• [Stored data]
Start of Block

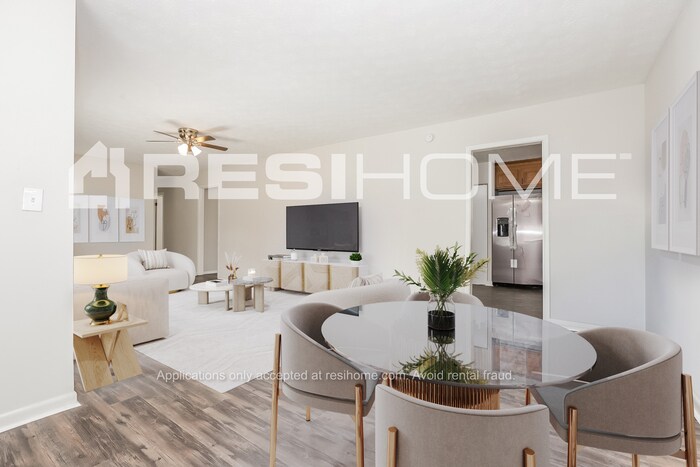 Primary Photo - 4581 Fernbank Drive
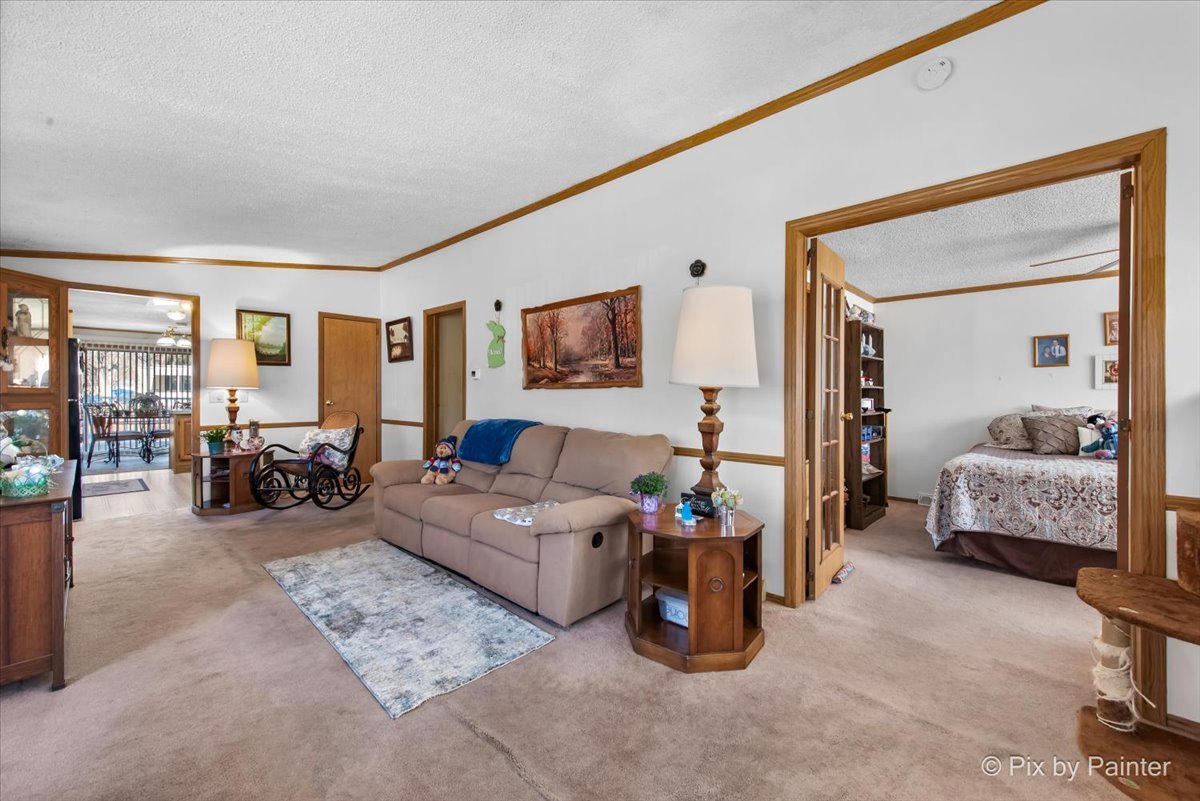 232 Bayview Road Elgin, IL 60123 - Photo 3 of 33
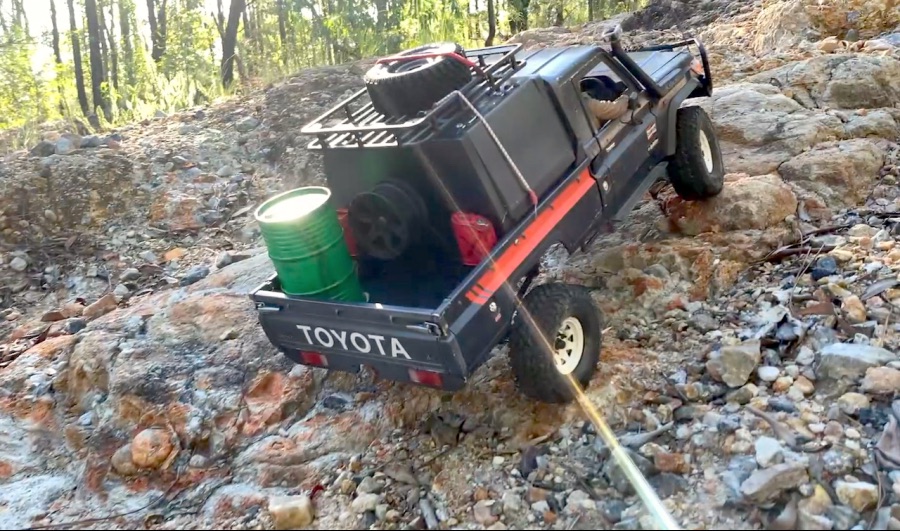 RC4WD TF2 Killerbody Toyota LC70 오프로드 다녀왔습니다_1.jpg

End of Block

• [Instructions for the task]
Print the material above once more, exactly. No pictures belong in it.

• [Answer]
 Primary Photo - 4581 Fernbank Drive
 232 Bayview Road Elgin, IL 60123 - Photo 3 of 33
 RC4WD TF2 Killerbody Toyota LC70 오프로드 다녀왔습니다_1.jpg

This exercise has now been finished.